I am reading Keith Richards’ autobiography and this is what he has to say about Dunedin, New Zealand:
But my God, there are some black holes. Dunedin, for instance, almost the southernmost city in the world, in New Zealand. It looked like Tombstone and it felt like it. It still had hitching rails. It was a Sunday, a wet dark Sunday in Dunedin in 1965. I don’t think you could have found anything more depressing anywhere. The longest day of my life, it seemed to go on forever. We were usually pretty good at entertaining ourselves, but Dunedin made Aberdeen seem like Las Vegas. Very rarely did everybody get depressed at the same time; there was usually one to support the others. But in Dunedin everybody was totally depressed.
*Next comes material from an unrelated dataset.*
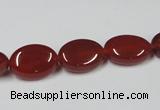 CAA169 15.5 inches 10*14mm oval red agate gemstone beads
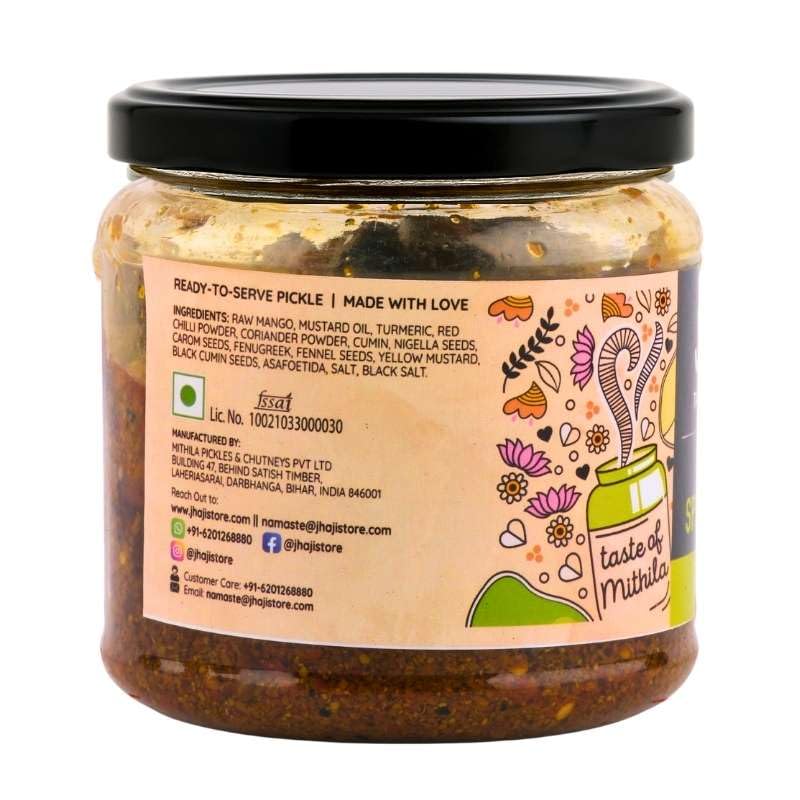 JhaJi Mithila Special Mango Pickle 250g | Bihari Style Aam Ka Achaar | Sun-Dried & Tangy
No chance of any redemption or laughter. Even the drink didn’t get you pissed. On Sunday, there’d be little knocks on the door, “Er, church in ten minutes…” It was just one of those miserable gray days that took me back to my childhood, a day that will never end, the gloom, and not anything on the horizon. Boredom is an illness to me, and I don’t often suffer from it, but that moment was the lowest ebb. “I think I’ll stand on my head, try and recycle the drugs.”
To me Dunedin was very different, it must have changed a lot since 1965… At first I thought he was writing about Invercargill, or some of the smaller towns in the south of South Island, like Riverton, where famously the petrol was very cheap for a couple of years, because the head office of the petrol company forgot to change the prices on the pumps.